You are distorting my words: I don't say that labour is an element in production process, but the ONLY active element. More precisely: without labour you don't have ANY _process_ at all in the long run. But with labour you always have a production process no matter how difficult it can become. You will need time, of course. But without labour no passing of time will help you to get a production.

And I repeat: Even if it is possible to say that
other things enter directly
OR indirectly in the production of all commodities,
the truth is that labour
is the ONLY ONE that enters directly--IN ADDITION TO
indirectly--in the
production of ALL commodities.

That means that labour is different from other
elements in production
because it is the only thing directly present IN ALL
production processes of
commodities at the same time (including services).
___________________________________
Okay, let's say I say a commodity x is produced by 2
tons of steel, 5 tons of coal, and 8 hours of labor.
You say no!

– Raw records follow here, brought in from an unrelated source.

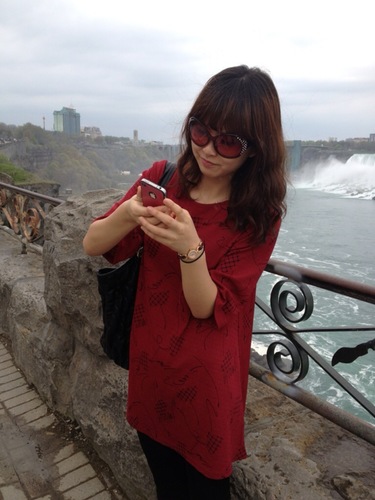 22gyung's profile picture. 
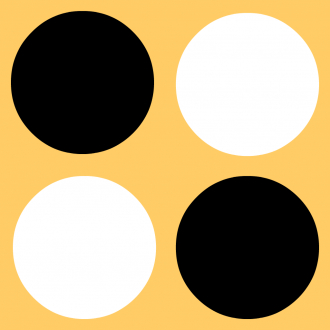 extrait jeux-video Do Not Tap The White Ball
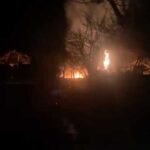 У Краматорську окупанти вдарили по будинку: загинули троє братів, поранені мама й бабуся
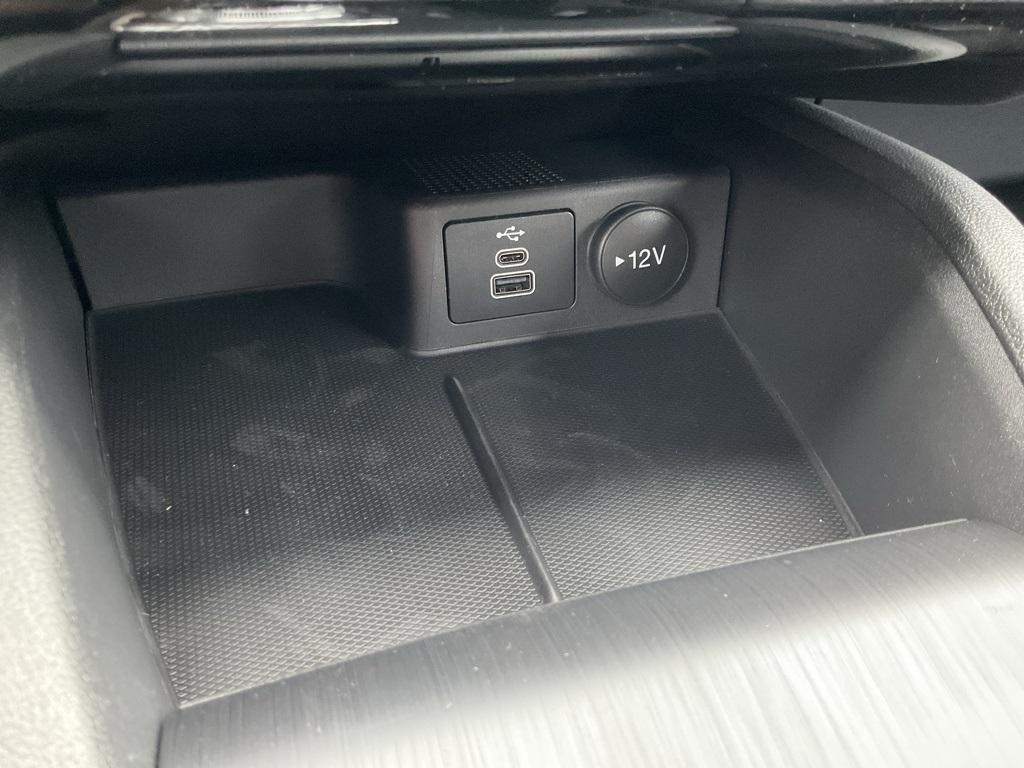 new 2025 Ford Escape car, priced at $31,511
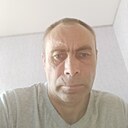 Знакомства: Евгений, 49 лет, Кодинск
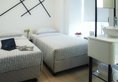 Minimal Hotel ∙ Culture в Гонконг Гонконг ✅. Забронировать номер онлайн по выгодной цене в Minimal Hotel ∙ Culture. Трансфер из аэропорта.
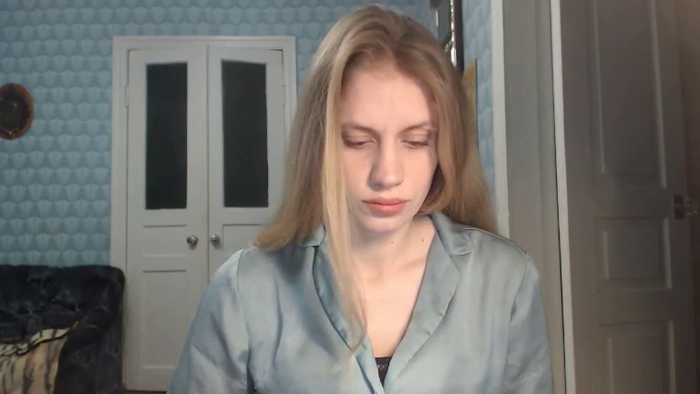 AeryMarta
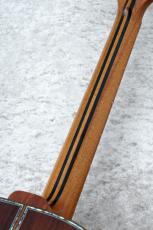 Terry's Terry Premium Terry PTJ-100 AM #81【48回無金利】_13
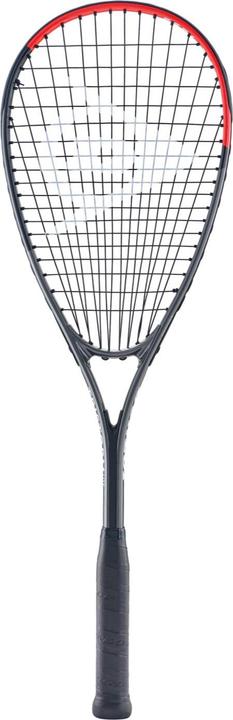 Dunlop Tristorm Lite TI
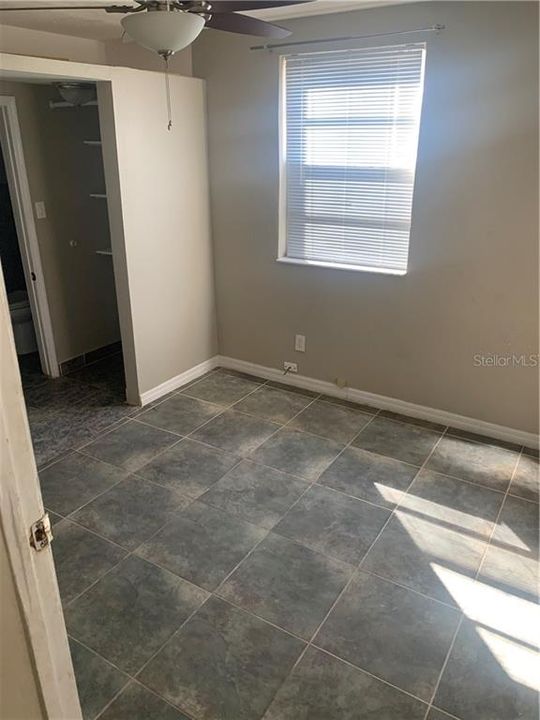 Recently Rented: $1,500 (3 beds, 2 baths, 1150 Square Feet)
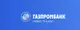 Газпромбанк Инвестиции 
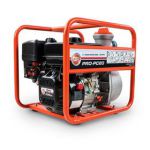 DR Power Water Pumps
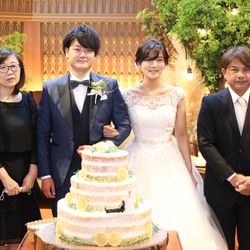 ロイヤルパーク アルカディアの写真14枚目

I'm distorting your words, and I should
have said that a commodity x is produced by 2 tons of
steel, 5 tons of coal and 8 hours of ACTIVE labor. So
I follow you and put "active" before labor in the
description of the production of all the commodities
x,y, z etc. How does it prove LTV? That is my
question.

By the way, the way you are arguing might get you in
trouble with Marx. Marx was not making distinction
between labor-power and other means of production on
the basis that labor is the active element. If horse
is used in the production process, is the horse an
active element or not? The significance of labor in
the production process is basically use of mechanical
energy. Labor-power is stored (or potential) energy
which gets released in the production process in a
similar way as the energy of coal gets released when
it is burnt in the production process. There are good
quality works within Marxist literature that show how
capitalism has gradually tried to reduce laborer from
having any control over the process of production to a
mere cog in the machine. That is why it is within the
realm of imagination that the capitalist system could
become completely automated with advancement in
robotic technology. The tragedy of the situation is
that the only active element in the production process
is the guy who sets the speed of the assembly line and
gives order to the robots as well as the workers what
jobs need to be performed. If Marx distinguishes
labor, it is at the level of social relations of
production and not at the level of the physical
production process. But I have a feeling I'm wasting
time here, so we might as well stop this thread.
Cheers, ajit sina
______________________

Do you want a proof? Please, don't go yet to your kitchen and don't cook: simply tell the physical elements you have in it to produce for you whatever you want, and let me see the results. Please feel free to tell them to use any element that can enter _indirectly_ in whatever you want they cook for you.